Slow Food

Slow Food? Was ist so toll daran, lange aufs Essen zu warten? Spanien bietet kulinarischen Genuss im Schnelldurchlauf.

Nein, wir mokieren uns hier nicht über zeitlich verrückte Essensbräuche der Spanier. Wem ein Abendessen um zehn nicht passt, soll seine Uhr um zwei Stunden zurückstellen. Statt die Nase zu rümpfen, stecken wir sie lieber in ein Glas Rioja.

Und rücken zurecht: Zwar fangen Spanier spät zu essen an, sind aber auch viel schneller fertig. Wie schaffen es die iberischen Köche, um so viel flinker zu kochen als ihre Kollegen? Und das nicht nur, wenn sie Schlangenfraß servieren, der frisch nur aus der Mikrowelle kommt. Auch der Koch als Künstler legt sich ins Zeug, besonders, wenn seine Bude fast leer ist. Das Rennen gewinnt – Trommelwirbel! – die Casa Vallecas in Berlanga de Duero. Im hintersten Kastilien steht ein Ingenieur am Herd, der auf die Schnapsidee kam, in seinem Kuhdorf ein Feinschmeckerlokal zu eröffnen. Das zwölfgängige Degustationsmenü beschert einen Rausch der Sinne und der Geschwindigkeit. Aufs Tempo drückt auch der rustikale Kellner, der im Minutentakt prüft, ob die Teller schon leer sind, und diese entzieht, wenn wir zu sehr trödeln. Denn schon will die nächste Kreation, deren Namen er unverständlich runterrattert, verschlungen werden. Das Fazit: ein Genuss-Stakkato, abgefeuert in 63 Minuten. Wir vermuten einen Rekord und geloben, das nächste Mal tempomäßig besser zu kooperieren. Dynamik steckt an.
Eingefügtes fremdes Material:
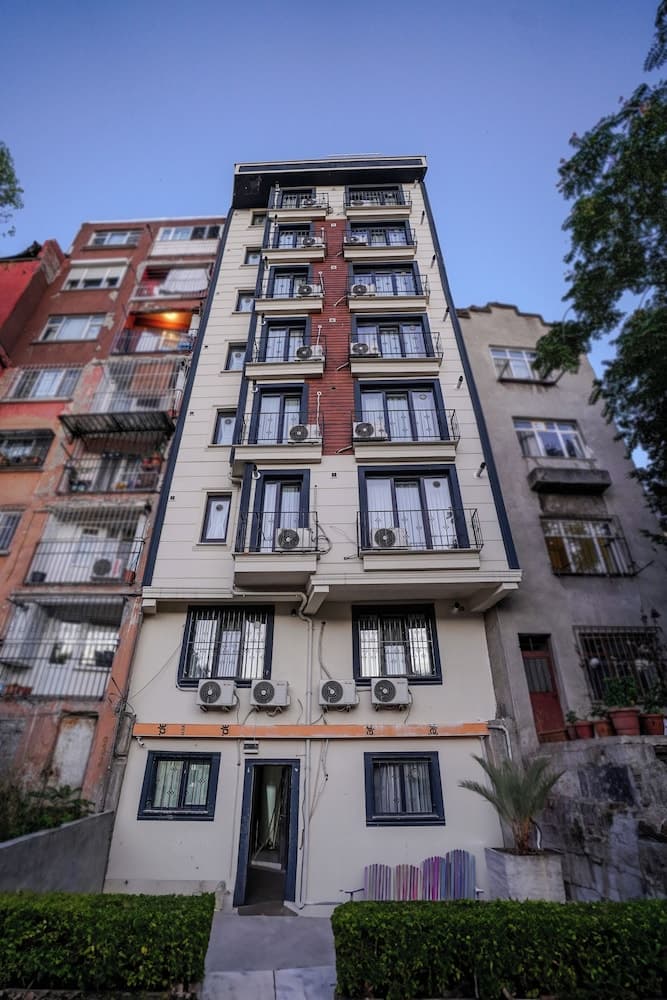 Neva Residence, Istanbul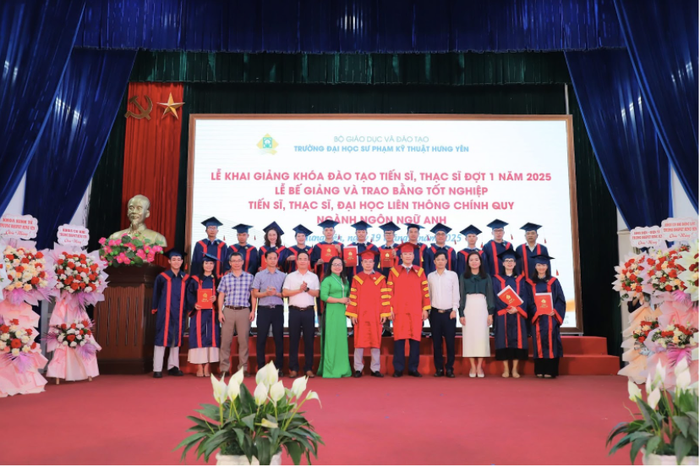 Thầy trò Trường Đại học Sư phạm Kỹ thuật Hưng Yên chụp hình lưu niệm. Ảnh: NTCC anh-chup-man-hinh-2025-09-19-luc-205832.png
Was ist denn so toll daran, auf jeden Gang endlos zu warten? Ist Langsamkeit eine Tugend? Warum halten die Slow-Food-Jünger ihr „Qualität braucht Zeit“ für ein Naturgesetz? Wir schwören auf Fast Food de luxe. Viva España!

karl.gaulhofer@diepresse.com


Nächste Woche:
Michael Laczyinski

("Die Presse", Print-Ausgabe, 25.05.2014)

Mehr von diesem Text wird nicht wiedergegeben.